Discrete Random Variables - Definition
A random variable is a variable that takes on one of multiple different values, each occurring with some probability. When there are a finite (or countable) number of such values, the random variable is discrete. Random variables contrast with "regular" variables, which have a fixed (though often unknown) value.
For instance, a single roll of a standard die can be modeled by the random variable
\[ X = \begin{cases} 1: \text{ die shows 1} \\ 2: \text{ die shows 2} \\ 3: \text{ die shows 3} \\ 4: \text{ die shows 4} \\ 5: \text{ die shows 5} \\ 6: \text{ die shows 6}, \end{cases}\]
where each case occurs with probability \(\frac{1}{6}\).
Random variables are important in several areas of statistics; in fact, the standard probability distributions can be viewed as random variables. They also model situations involving conditional probability as well as problems involving linearity of expectation.
Contents
Formal Definition
A probability space consists of
- a sample space \(\Omega\), the set of all possible outcomes,
- a set of events \(\mathcal{F}\), where each event is a subset of \(\Omega,\) and
- a function \(P: \mathcal{F} \rightarrow \mathbb{R}\), which assigns a probability to each event.

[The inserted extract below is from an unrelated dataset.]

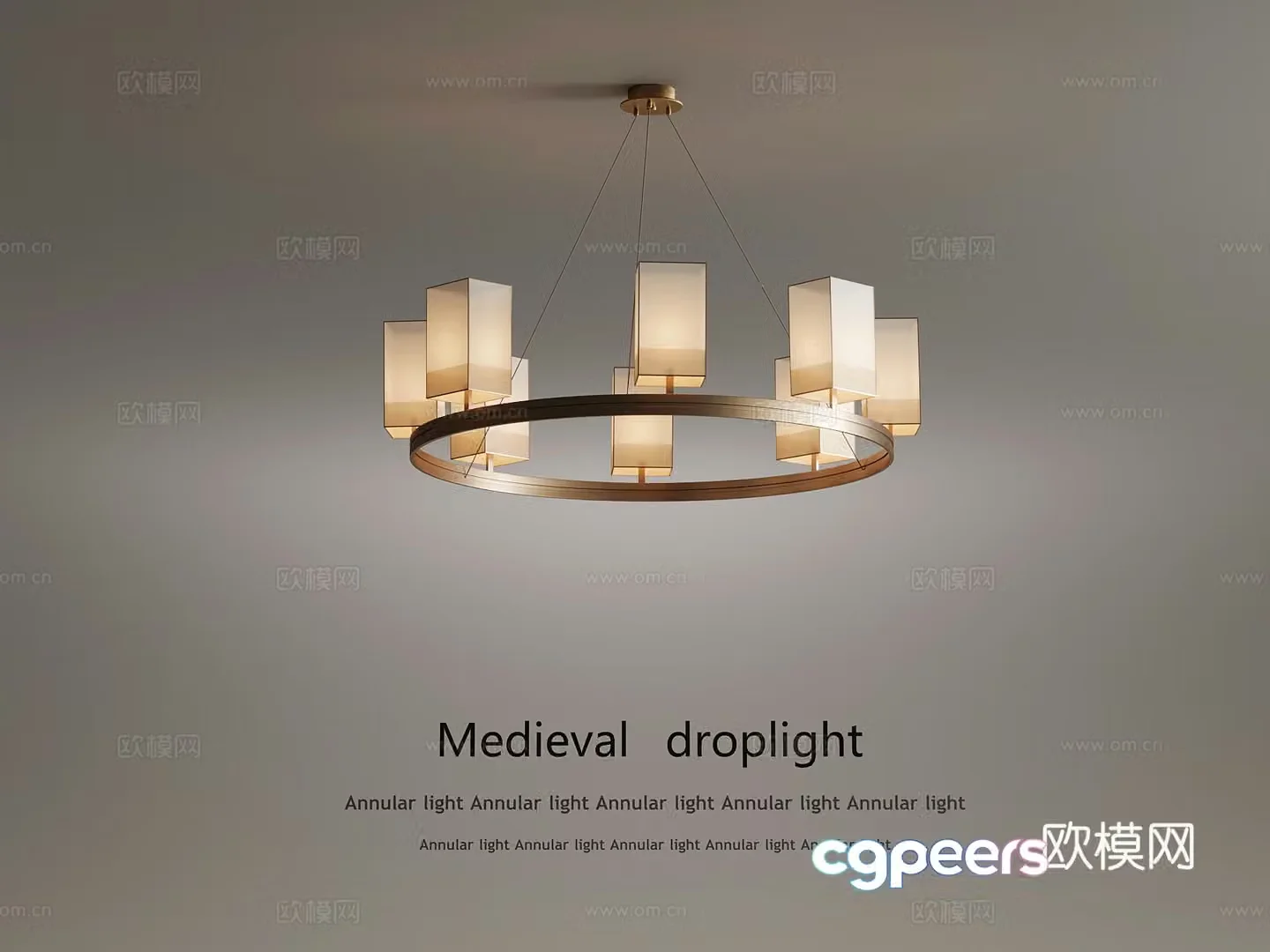 Chandelier New Chinese Chandelier Multi-head Chandelier Metal Chandelier 3D Model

For example, consider flipping a fair coin. The sample space is the set \(\{\text{heads}, \text{tails}\}\), and the possible events are \(\{\}, \{\text{heads}\}, \{\text{tails}\}, \{\text{heads}, \text{tails}\}\). Here the empty set refers to neither heads nor tails occurring, and the set \(\{\text{heads}, \text{tails}\}\) refers to either one of heads or tails occurring. The function \(P\) is thus defined by
\[P\big(\{\}\big)=0,\quad P\big(\{\text{heads}\}\big)=\frac{1}{2},\quad P\big(\{\text{tails}\}\big)=\frac{1}{2},\quad P\big(\{\text{heads},\text{tails}\}\big)=1.\]

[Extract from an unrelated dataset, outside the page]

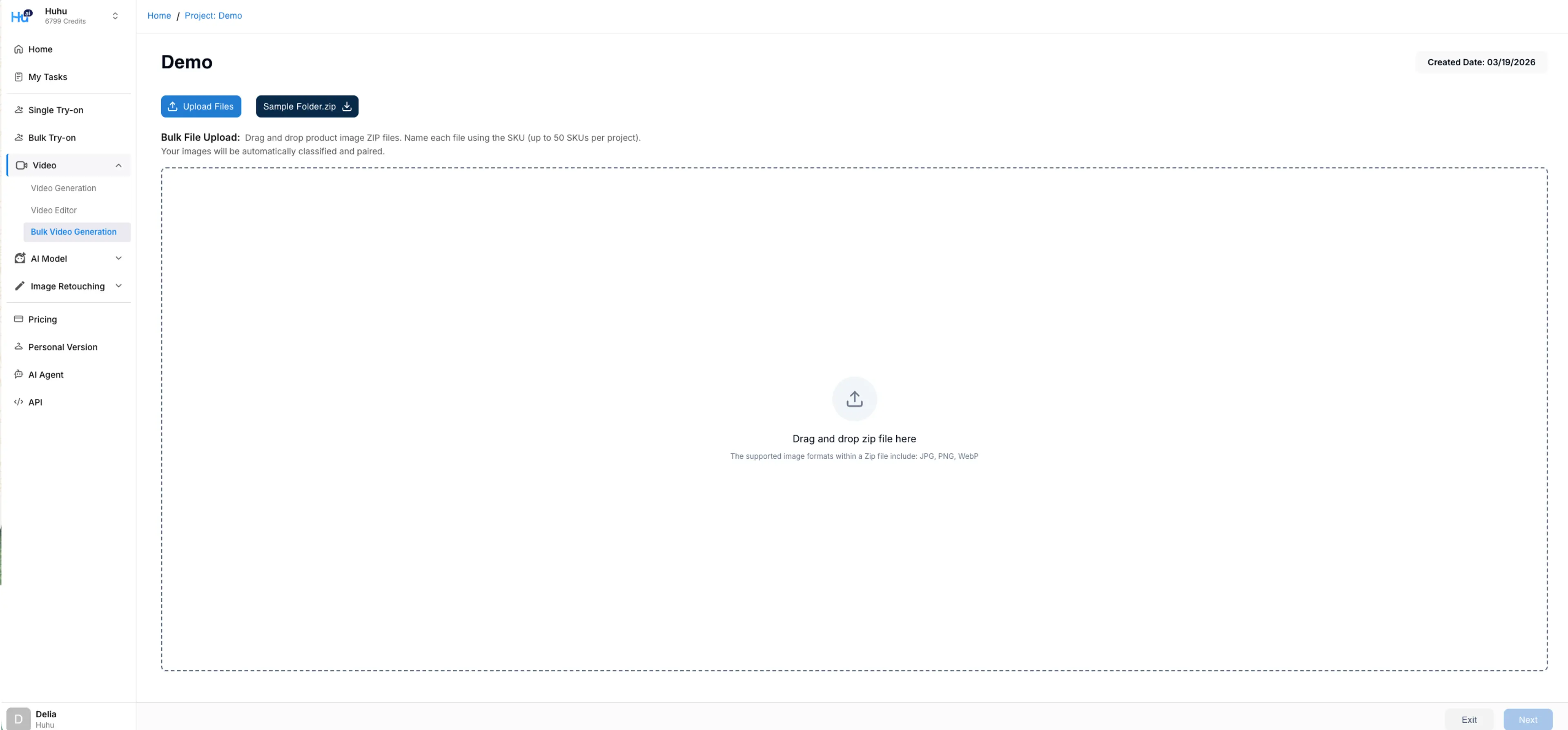 Upload screen with drag and drop area for ZIP files and Upload Files button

The set \(\mathcal{F}\) consists of selected subsets of \(\Omega\) which represent relevant events of the experiment. For example, if the experiment consists of rolling a 6-sided die \(\big(\Omega = \{1,2,3,4,5,6\}\big),\) one can take \(\mathcal{F}\) to be the set of all subsets of \(\Omega\). Then \(\{1,3,5\}\in \mathcal{F}\) is the event which can be described as "an odd number is rolled." If the experiment produced the outcome \(\omega\in \Omega\), then each event \(F\in \mathcal{F}\) with \(\omega\in F\) is said to have happened. For example, if a 6-sided die is rolled and number \(2\) is the outcome, some of the events that have happened are \(\{2\}\) ("\(2\) is rolled"), \(\{1,2,3\}\) ("a number less than \(4\) is rolled"), and \(\{2,4,6\}\) ("an even number is rolled").
In general, \(\mathcal{F}\) need not contain all possible subsets of \(\Omega\). The restrictions on \(\mathcal{F}\) are
- \(\Omega\in \mathcal{F};\)
- if \(A\in \mathcal{F}\), then \(\Omega\setminus A \in \mathcal{F};\)

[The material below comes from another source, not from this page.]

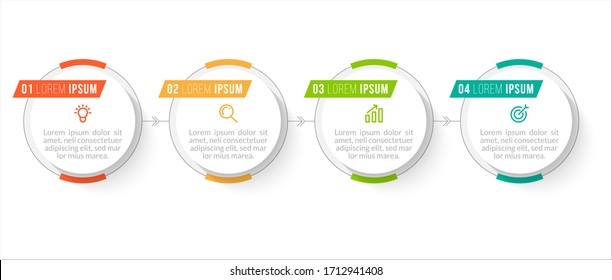 Minimal infographic template design with numbers 4 options or steps.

- if \(\{A_i\}_{i\in I}\) is a countable family of subsets of \(\Omega\) with \(A_i\in \mathcal{F}\) for each \(i\in I\), then \(\displaystyle\bigcup_{i\in I} A_i \in \mathcal{F}\).
The function \(P\) must satisfy \(P(\Omega) = 1\) and is required to be countably additive, that is, for any countable collection of pairwise disjoint sets \(\{F_i\}_{i\in I},\)
\[P\bigg(\displaystyle\bigcup_{i\in I} F_i\bigg) = \displaystyle\sum_{i\in I} P(F_i).\]
In this way, the probability space \((\Omega, \mathcal{F}, P)\) becomes a measure space with measure \(P\) and the collection of all measurable sets \(\mathcal{F}\).
The requirements on the probability space reflect basic rules of probability. For example, if \(A\in \mathcal{F},\) then \(A^{c}:= \Omega\setminus A \in \mathcal{F}\) and \(A, A^{c}\) are disjoint sets with \(A\cup A^{c} = \Omega\). Since \(P\) is countably additive, \(1 = P(\Omega) = P(A\cup A^{c}) = P(A) + P(A^{c}),\) which is the complement rule of probability.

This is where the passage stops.